"The number almost nobody tracks: Days Sales Outstanding. It's the average days between sending an invoice and the cash hitting your account. If it's creeping up, you have a cash problem forming before the P&L ever shows it. I do a free 30-minute teardown of a founder's cash cycle. No pitch. https://calendly.com/suhas-vadulekar/30min"
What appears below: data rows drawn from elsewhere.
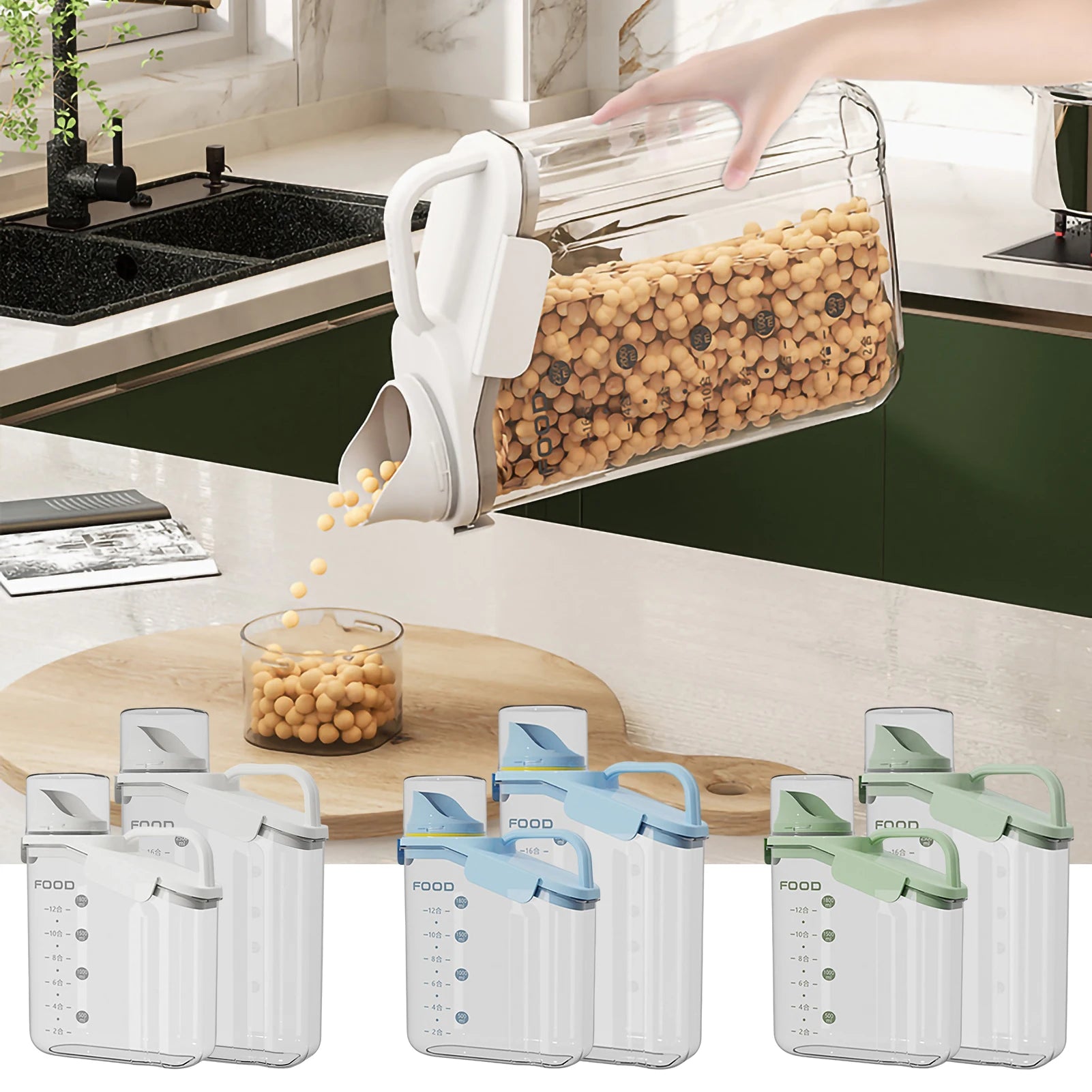 Storage Box Cereals Container Scale | Yazijico™ 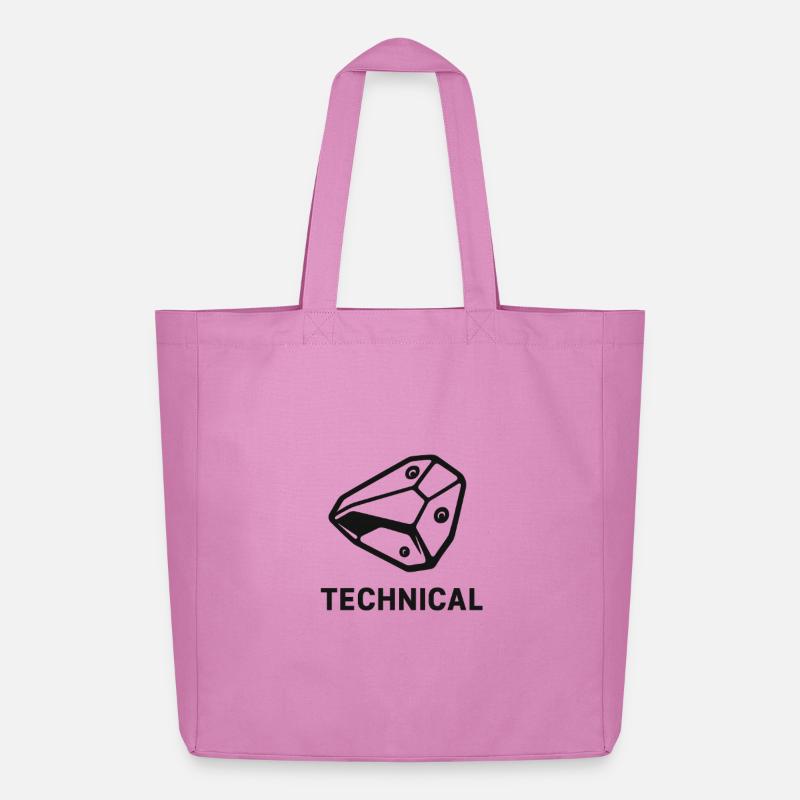 Technikal Boulder - Midweight recycelter Stoffbeutel von Stanley/Stella - Pink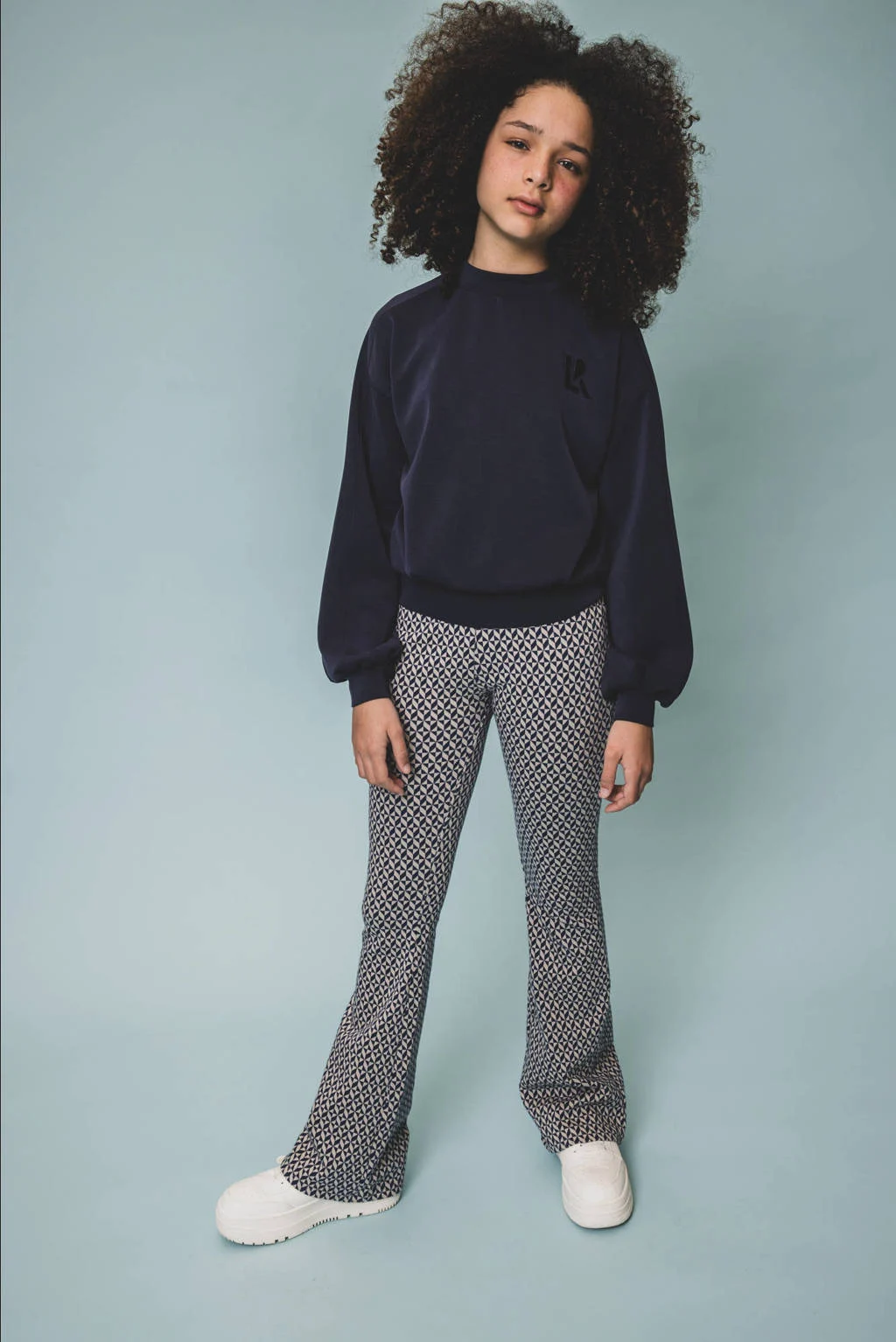 LOOXS flared flared broek blauw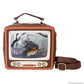Loungefly x Universal Monsters Vintage TV Triple Lenticular Crossbody Bag - GeekCore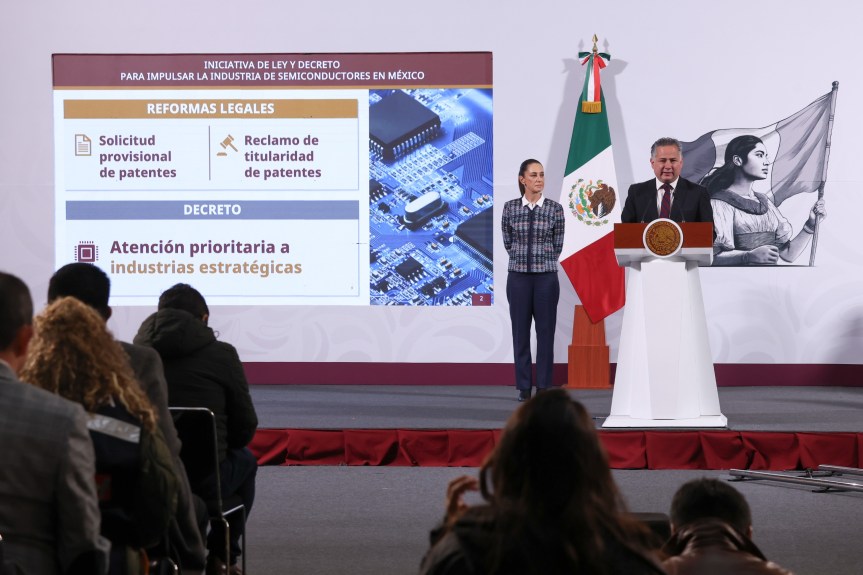 México impulsa su industria de semiconductores.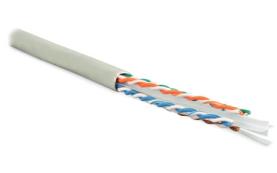 UUTP4-C6-S23-IN-LSZH-GY-305 Кабель витая пара Hyperline U/UTP 6 кат. 4 пары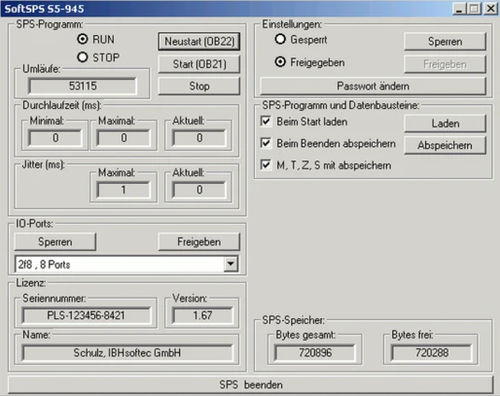 Visualisierungssoftware - SoftPLC S5-945 - IBH Softec - Programmier / OPC / OPC-Server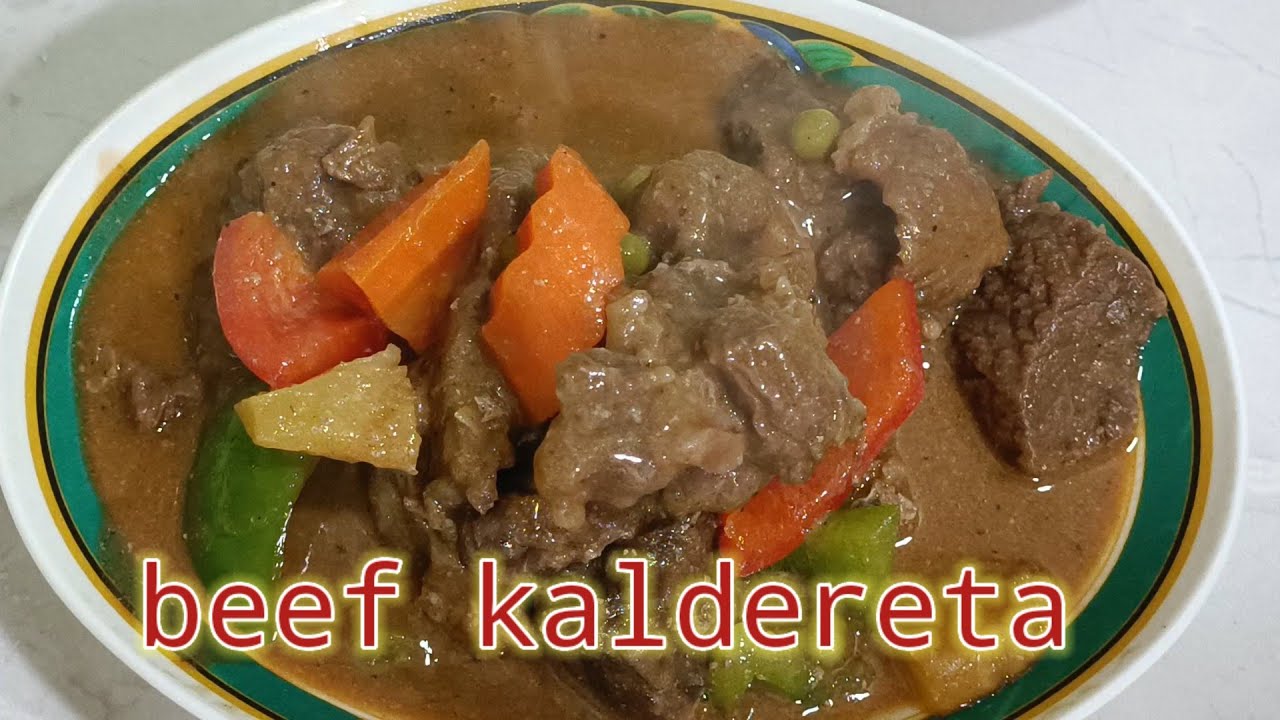 beef kaldereta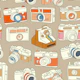 Vintage Cameras on Sand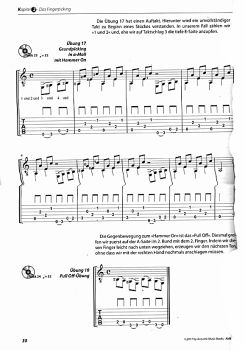 Bögershausen, Ulli: Der Anfang im Fingerstyle, Beginning Fingerstyle - Guitar Method sample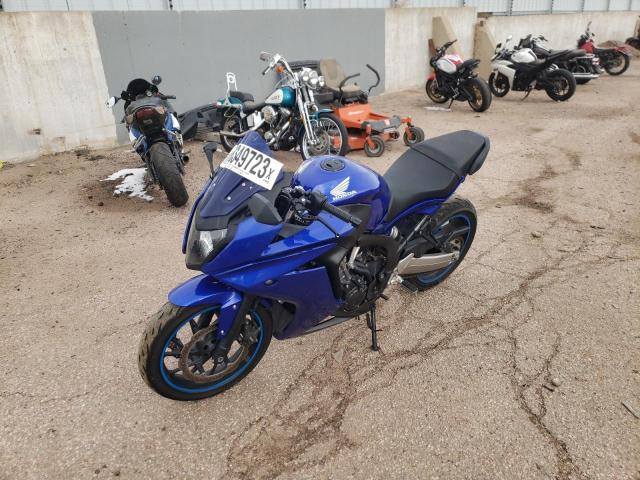 MLHRC7416E5000229 - 2014 HONDA CBR650 F BLUE photo 2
Profit and cash are not the same thing.
And the gap between them is where most companies quietly die.
You can be "profitable" on paper and still miss payroll. It happens every month, to real businesses, run by smart people.
Here's why.
Profit is an opinion. Cash is a fact.
Your profit includes money you've earned but haven't collected. Invoices sent. Not paid. That revenue sits on your P&L looking healthy.
Meanwhile:
→ You've already paid your suppliers.
→ You've already paid your team.
→ You've already paid your rent.
The money went out. The money hasn't come in.
On paper: profit. In the bank: nothing.
This is why founders get blindsided. They watch the profit line and ignore the cash line. Then a slow-paying client, one bad month, and the whole thing wobbles.
The fix isn't complicated:
1. Track cash separately from profit. Always.
2. Know your collection cycle. How many days from invoice to bank.
3. Forecast cash 13 weeks out, not just month-end.
A profitable business that runs out of cash is still a dead business.
Watch the bank, not just the books.
Which one do you actually look at first every morning — profit or cash? Tell me below.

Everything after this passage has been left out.